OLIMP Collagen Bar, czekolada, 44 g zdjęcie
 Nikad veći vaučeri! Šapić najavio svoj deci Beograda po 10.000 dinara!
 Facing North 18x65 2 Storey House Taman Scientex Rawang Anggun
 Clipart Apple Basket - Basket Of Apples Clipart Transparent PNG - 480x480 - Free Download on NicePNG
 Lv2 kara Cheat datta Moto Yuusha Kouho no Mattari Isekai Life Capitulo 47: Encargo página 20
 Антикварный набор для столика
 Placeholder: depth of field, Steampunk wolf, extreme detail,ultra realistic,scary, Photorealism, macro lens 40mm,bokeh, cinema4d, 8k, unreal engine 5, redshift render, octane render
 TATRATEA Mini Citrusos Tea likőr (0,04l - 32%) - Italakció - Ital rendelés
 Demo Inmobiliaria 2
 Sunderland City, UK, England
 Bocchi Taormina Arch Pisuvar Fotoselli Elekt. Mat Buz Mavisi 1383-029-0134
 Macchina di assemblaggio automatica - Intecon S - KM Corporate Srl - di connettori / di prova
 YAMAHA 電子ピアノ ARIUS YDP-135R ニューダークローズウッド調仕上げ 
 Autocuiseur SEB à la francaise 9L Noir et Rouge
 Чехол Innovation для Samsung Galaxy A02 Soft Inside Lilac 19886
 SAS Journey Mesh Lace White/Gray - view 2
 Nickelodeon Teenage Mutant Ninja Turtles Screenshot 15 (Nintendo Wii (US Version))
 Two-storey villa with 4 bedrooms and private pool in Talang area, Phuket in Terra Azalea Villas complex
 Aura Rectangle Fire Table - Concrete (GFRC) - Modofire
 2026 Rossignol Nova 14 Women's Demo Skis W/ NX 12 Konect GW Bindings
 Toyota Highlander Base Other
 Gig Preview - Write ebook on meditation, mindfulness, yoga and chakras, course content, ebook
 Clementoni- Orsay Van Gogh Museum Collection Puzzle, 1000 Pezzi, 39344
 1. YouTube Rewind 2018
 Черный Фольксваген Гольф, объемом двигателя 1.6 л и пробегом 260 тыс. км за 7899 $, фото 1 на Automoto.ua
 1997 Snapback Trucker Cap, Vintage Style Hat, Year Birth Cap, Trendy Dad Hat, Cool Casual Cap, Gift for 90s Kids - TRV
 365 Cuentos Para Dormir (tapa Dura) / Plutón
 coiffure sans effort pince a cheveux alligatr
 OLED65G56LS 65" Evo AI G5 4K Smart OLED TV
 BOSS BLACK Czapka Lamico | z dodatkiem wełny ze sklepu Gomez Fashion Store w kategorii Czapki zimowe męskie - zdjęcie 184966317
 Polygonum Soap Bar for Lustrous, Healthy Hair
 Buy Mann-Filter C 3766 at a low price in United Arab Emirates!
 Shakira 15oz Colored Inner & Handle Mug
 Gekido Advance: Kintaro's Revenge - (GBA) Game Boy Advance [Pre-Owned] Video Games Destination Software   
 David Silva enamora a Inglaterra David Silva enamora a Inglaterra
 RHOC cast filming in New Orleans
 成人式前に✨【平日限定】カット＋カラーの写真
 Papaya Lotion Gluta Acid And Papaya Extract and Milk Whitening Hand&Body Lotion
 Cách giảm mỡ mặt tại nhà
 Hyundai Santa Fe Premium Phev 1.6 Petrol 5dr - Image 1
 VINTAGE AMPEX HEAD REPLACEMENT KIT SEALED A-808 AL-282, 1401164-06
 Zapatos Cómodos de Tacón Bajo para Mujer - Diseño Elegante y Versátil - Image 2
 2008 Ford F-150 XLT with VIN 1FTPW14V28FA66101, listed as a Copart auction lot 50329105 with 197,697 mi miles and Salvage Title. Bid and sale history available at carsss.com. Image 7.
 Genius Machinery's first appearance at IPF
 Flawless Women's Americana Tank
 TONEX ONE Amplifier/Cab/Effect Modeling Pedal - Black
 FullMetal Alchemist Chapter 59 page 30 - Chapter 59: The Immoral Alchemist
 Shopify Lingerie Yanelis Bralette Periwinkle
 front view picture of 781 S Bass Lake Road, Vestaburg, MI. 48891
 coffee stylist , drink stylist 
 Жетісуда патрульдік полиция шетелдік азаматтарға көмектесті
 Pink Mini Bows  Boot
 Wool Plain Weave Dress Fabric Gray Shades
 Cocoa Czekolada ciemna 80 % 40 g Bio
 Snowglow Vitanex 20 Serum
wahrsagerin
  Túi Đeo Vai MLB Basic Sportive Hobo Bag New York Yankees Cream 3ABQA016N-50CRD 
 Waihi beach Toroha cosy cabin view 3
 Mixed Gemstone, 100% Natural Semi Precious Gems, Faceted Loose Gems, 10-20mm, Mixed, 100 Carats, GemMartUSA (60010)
------------------------------------------------
#### What the task asks
Go through the records and copy each one exactly.

#### Result of this exercise
OLIMP Collagen Bar, czekolada, 44 g zdjęcie
 Nikad veći vaučeri! Šapić najavio svoj deci Beograda po 10.000 dinara!
 Facing North 18x65 2 Storey House Taman Scientex Rawang Anggun
 Clipart Apple Basket - Basket Of Apples Clipart Transparent PNG - 480x480 - Free Download on NicePNG
 Lv2 kara Cheat datta Moto Yuusha Kouho no Mattari Isekai Life Capitulo 47: Encargo página 20
 Антикварный набор для столика
 Placeholder: depth of field, Steampunk wolf, extreme detail,ultra realistic,scary, Photorealism, macro lens 40mm,bokeh, cinema4d, 8k, unreal engine 5, redshift render, octane render
 TATRATEA Mini Citrusos Tea likőr (0,04l - 32%) - Italakció - Ital rendelés
 Demo Inmobiliaria 2
 Sunderland City, UK, England
 Bocchi Taormina Arch Pisuvar Fotoselli Elekt. Mat Buz Mavisi 1383-029-0134
 Macchina di assemblaggio automatica - Intecon S - KM Corporate Srl - di connettori / di prova
 YAMAHA 電子ピアノ ARIUS YDP-135R ニューダークローズウッド調仕上げ 
 Autocuiseur SEB à la francaise 9L Noir et Rouge
 Чехол Innovation для Samsung Galaxy A02 Soft Inside Lilac 19886
 SAS Journey Mesh Lace White/Gray - view 2
 Nickelodeon Teenage Mutant Ninja Turtles Screenshot 15 (Nintendo Wii (US Version))
 Two-storey villa with 4 bedrooms and private pool in Talang area, Phuket in Terra Azalea Villas complex
 Aura Rectangle Fire Table - Concrete (GFRC) - Modofire
 2026 Rossignol Nova 14 Women's Demo Skis W/ NX 12 Konect GW Bindings
 Toyota Highlander Base Other
 Gig Preview - Write ebook on meditation, mindfulness, yoga and chakras, course content, ebook
 Clementoni- Orsay Van Gogh Museum Collection Puzzle, 1000 Pezzi, 39344
 1. YouTube Rewind 2018
 Черный Фольксваген Гольф, объемом двигателя 1.6 л и пробегом 260 тыс. км за 7899 $, фото 1 на Automoto.ua
 1997 Snapback Trucker Cap, Vintage Style Hat, Year Birth Cap, Trendy Dad Hat, Cool Casual Cap, Gift for 90s Kids - TRV
 365 Cuentos Para Dormir (tapa Dura) / Plutón
 coiffure sans effort pince a cheveux alligatr
 OLED65G56LS 65" Evo AI G5 4K Smart OLED TV
 BOSS BLACK Czapka Lamico | z dodatkiem wełny ze sklepu Gomez Fashion Store w kategorii Czapki zimowe męskie - zdjęcie 184966317
 Polygonum Soap Bar for Lustrous, Healthy Hair
 Buy Mann-Filter C 3766 at a low price in United Arab Emirates!
 Shakira 15oz Colored Inner & Handle Mug
 Gekido Advance: Kintaro's Revenge - (GBA) Game Boy Advance [Pre-Owned] Video Games Destination Software   
 David Silva enamora a Inglaterra David Silva enamora a Inglaterra
 RHOC cast filming in New Orleans
 成人式前に✨【平日限定】カット＋カラーの写真
 Papaya Lotion Gluta Acid And Papaya Extract and Milk Whitening Hand&Body Lotion
 Cách giảm mỡ mặt tại nhà
 Hyundai Santa Fe Premium Phev 1.6 Petrol 5dr - Image 1
 VINTAGE AMPEX HEAD REPLACEMENT KIT SEALED A-808 AL-282, 1401164-06
 Zapatos Cómodos de Tacón Bajo para Mujer - Diseño Elegante y Versátil - Image 2
 2008 Ford F-150 XLT with VIN 1FTPW14V28FA66101, listed as a Copart auction lot 50329105 with 197,697 mi miles and Salvage Title. Bid and sale history available at carsss.com. Image 7.
 Genius Machinery's first appearance at IPF
 Flawless Women's Americana Tank
 TONEX ONE Amplifier/Cab/Effect Modeling Pedal - Black
 FullMetal Alchemist Chapter 59 page 30 - Chapter 59: The Immoral Alchemist
 Shopify Lingerie Yanelis Bralette Periwinkle
 front view picture of 781 S Bass Lake Road, Vestaburg, MI. 48891
 coffee stylist , drink stylist 
 Жетісуда патрульдік полиция шетелдік азаматтарға көмектесті
 Pink Mini Bows  Boot
 Wool Plain Weave Dress Fabric Gray Shades
 Cocoa Czekolada ciemna 80 % 40 g Bio
 Snowglow Vitanex 20 Serum
wahrsagerin
  Túi Đeo Vai MLB Basic Sportive Hobo Bag New York Yankees Cream 3ABQA016N-50CRD 
 Waihi beach Toroha cosy cabin view 3
 Mixed Gemstone, 100% Natural Semi Precious Gems, Faceted Loose Gems, 10-20mm, Mixed, 100 Carats, GemMartUSA (60010)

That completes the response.